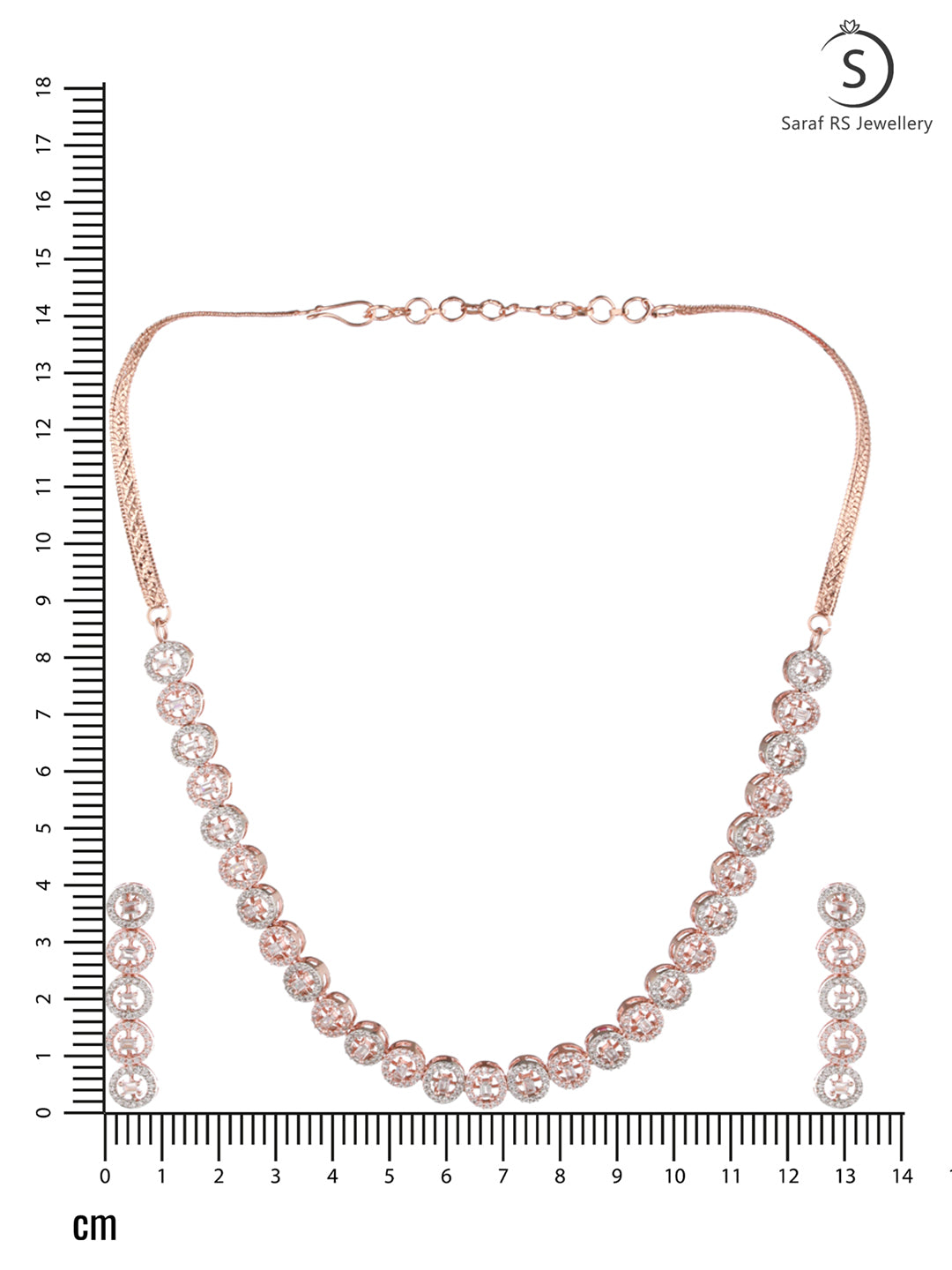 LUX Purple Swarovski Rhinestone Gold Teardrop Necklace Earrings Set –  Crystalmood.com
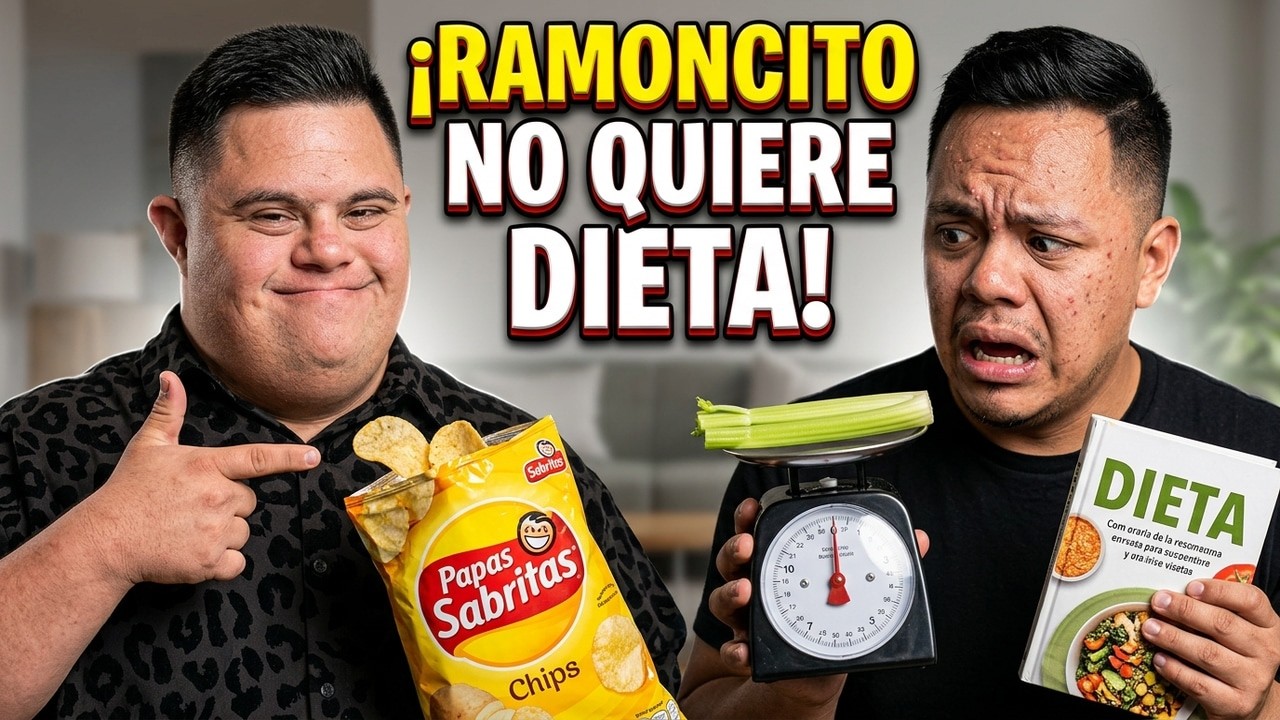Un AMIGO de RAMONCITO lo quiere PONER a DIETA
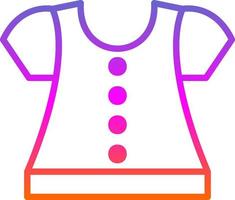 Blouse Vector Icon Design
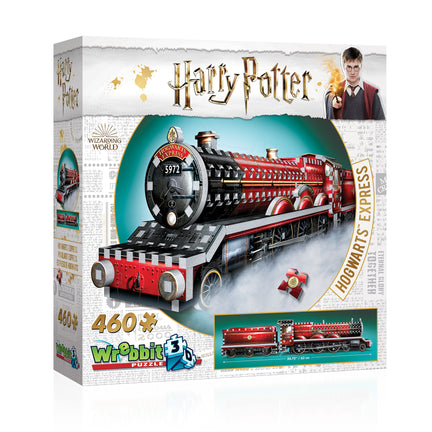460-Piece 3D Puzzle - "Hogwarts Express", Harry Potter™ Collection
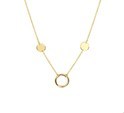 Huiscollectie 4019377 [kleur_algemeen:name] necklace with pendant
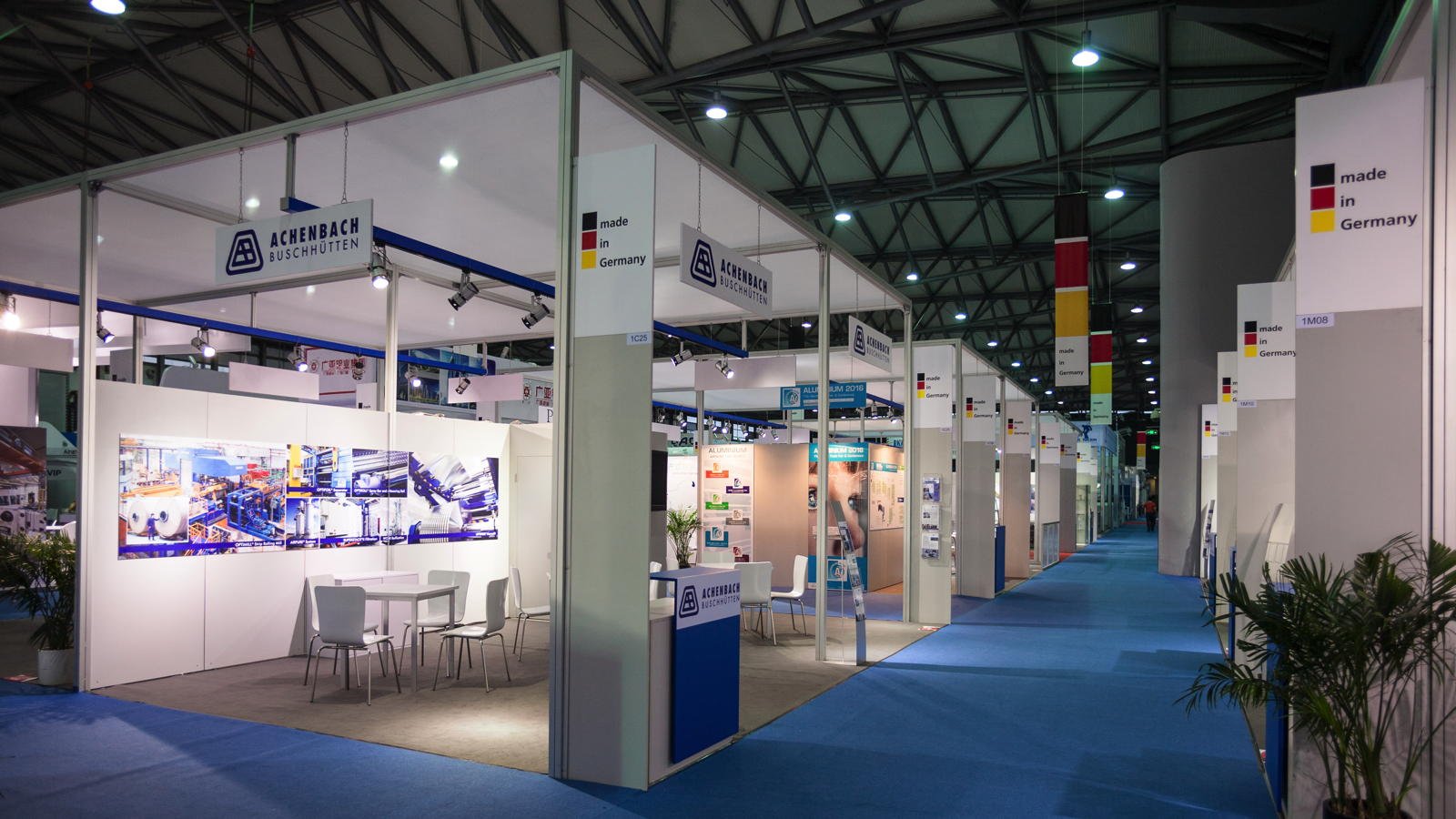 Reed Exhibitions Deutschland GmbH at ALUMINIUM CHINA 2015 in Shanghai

» How to complete this task: Without the pictures, copy all of the entries exactly as they appear.

» Result of the exercise:
 LUX Purple Swarovski Rhinestone Gold Teardrop Necklace Earrings Set –  Crystalmood.com
Un AMIGO de RAMONCITO lo quiere PONER a DIETA
 Blouse Vector Icon Design
460-Piece 3D Puzzle - "Hogwarts Express", Harry Potter™ Collection
 Huiscollectie 4019377 [kleur_algemeen:name] necklace with pendant
 Reed Exhibitions Deutschland GmbH at ALUMINIUM CHINA 2015 in Shanghai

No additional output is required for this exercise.